No, its all fine :D 
Here we go:

Actually here around 30 tracks.
Ensemble and Single Instruments.
1 Track per articulation
No Slaves here.
16.52 GB
No Extra Reverb.


----------



## Saxer (Jul 21, 2017)

Wow... it sounds like 'more' 

Thanks for the info!


----------



## AlexanderSchiborr (Jul 24, 2017)

And another track, same intro, but different continuation:


----------



## zacnelson (Jul 30, 2017)

AlexanderSchiborr said:


> No, its all fine :D
> Here we go:
> 
> Actually here around 30 tracks.
> ...


I love that you can achieve such an amazing and complex sound, without over-doing it with slaves and VE-Pro and too many libraries, and it's cool that it's all Spitfire. I sometimes think people over-obsess with too much stuff in their templates, and even if it gets them good results, you have proven that world-class sound can be created with a more modest approach, and very little RAM footprint


----------



## Paul T McGraw (Jul 31, 2017)

@AlexanderSchiborr this is wonderful. Great action cue. I didn't hear anything at all wrong with any of it. Congratulations, you just keep getting better and better.


----------



## AlexanderSchiborr (Aug 5, 2017)

zacnelson said:


> I love that you can achieve such an amazing and complex sound, without over-doing it with slaves and VE-Pro and too many libraries, and it's cool that it's all Spitfire. I sometimes think people over-obsess with too much stuff in their templates, and even if it gets them good results, you have proven that world-class sound can be created with a more modest approach, and very little RAM footprint



Hi Zac, cool. Now the template is 27 GB in size with that piece still in progress:



Paul T McGraw said:


> @AlexanderSchiborr this is wonderful. Great action cue. I didn't hear anything at all wrong with any of it. Congratulations, you just keep getting better and better.

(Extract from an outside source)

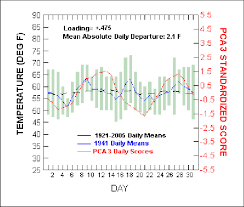 Downtown Los Angeles Daily Temperature Chart For January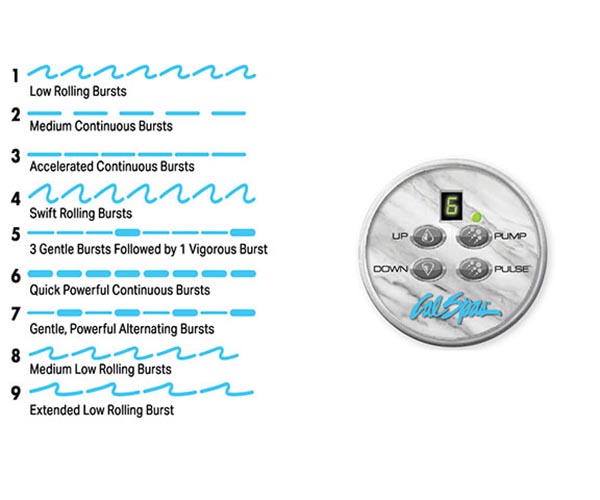 Adjustable Therapy System (ATS)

A bit all over the place action :D Cool that you like it.


----------



## Paul T McGraw (Aug 5, 2017)

"War of the Worlds" another tremendous bit of work. Is this your new 100% Spitfire template? Surely with as much talent as you have something good is bound to start happening for you. 

When it sort of collapsed at the end I smiled. Sort of like a great sculpture that is completely finished at the top, but at the base it is still just a raw block of stone. Out of nothing, we create music, then it is gone. Anyway, awesome work!

Please share your thoughts on your greatest lessons learned so far?


----------



## AlexanderSchiborr (Aug 5, 2017)

The track is not finished, the end is not the end, but I had to stop there, because this is so far what I have..:D


Well, it is pretty much 99 Percent spitfire here. I have a little things..grabbed from other libraries mostly for special situations or layering.
For instance: Major / minor third trumpet chords. Believe it or not: Stacking up there solo trumpets..doesn´t sound that cool. Stacking up Trumpets A2 doesn´t help either, so the easiest way: Get a recorded Minor / major third ensemble patch, and I took one from Auddict brass. Also I did take some major / minor third legato and stacc patches, also trills and sustains from Hollywood winds..mainly for layering to thicken a line. Then I have second Spicc Doublebass patch from the Performance Samples (fluid shorts). I think their bass spiccato in the very low notes are the best I have ever heard. But thats it with third party libraries.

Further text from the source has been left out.